#### Collected data
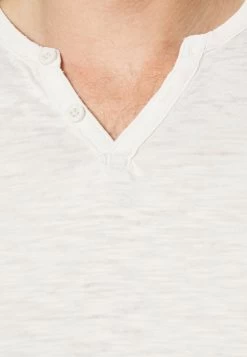 Pier One T-Shirt Basic - Off-White 11 Pier One T-Shirt Basic - Off-White -Professionele Herenkledingwinkel 98d0da50953649dd880949f058c3b43f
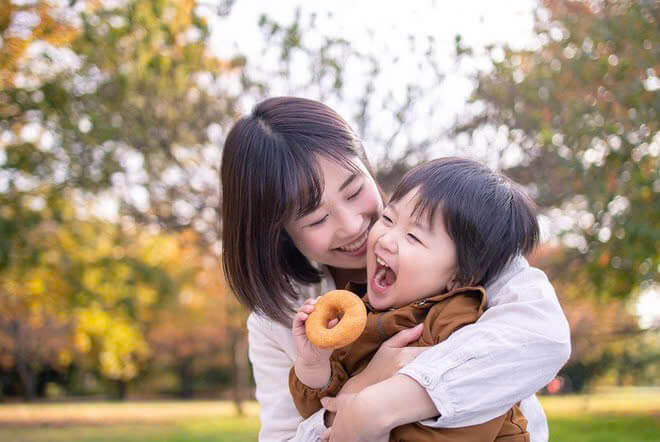 Những dòng stt mẹ con hài hước sẽ thay bạn thể hiện tình cảm của mình đến với mẹ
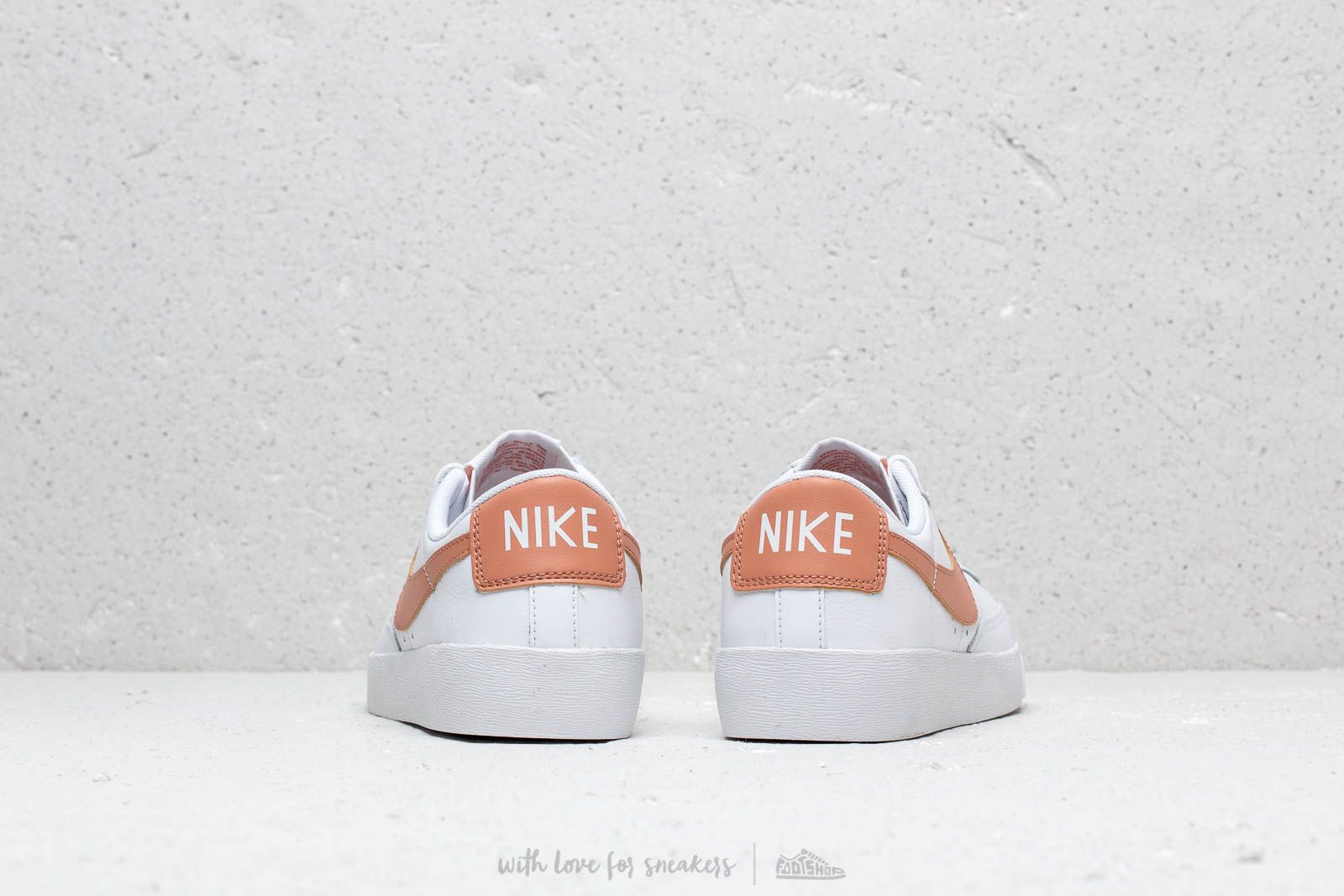 Zapatillas mujer Nike W Blazer Low Le White/ Rose Gold-White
########
- **Work to be completed**:
Go through the material above and print all of it exactly, except the pictures.

- **Output for this exercise**:
 Pier One T-Shirt Basic - Off-White 11 Pier One T-Shirt Basic - Off-White -Professionele Herenkledingwinkel 98d0da50953649dd880949f058c3b43f
 Những dòng stt mẹ con hài hước sẽ thay bạn thể hiện tình cảm của mình đến với mẹ
 Zapatillas mujer Nike W Blazer Low Le White/ Rose Gold-White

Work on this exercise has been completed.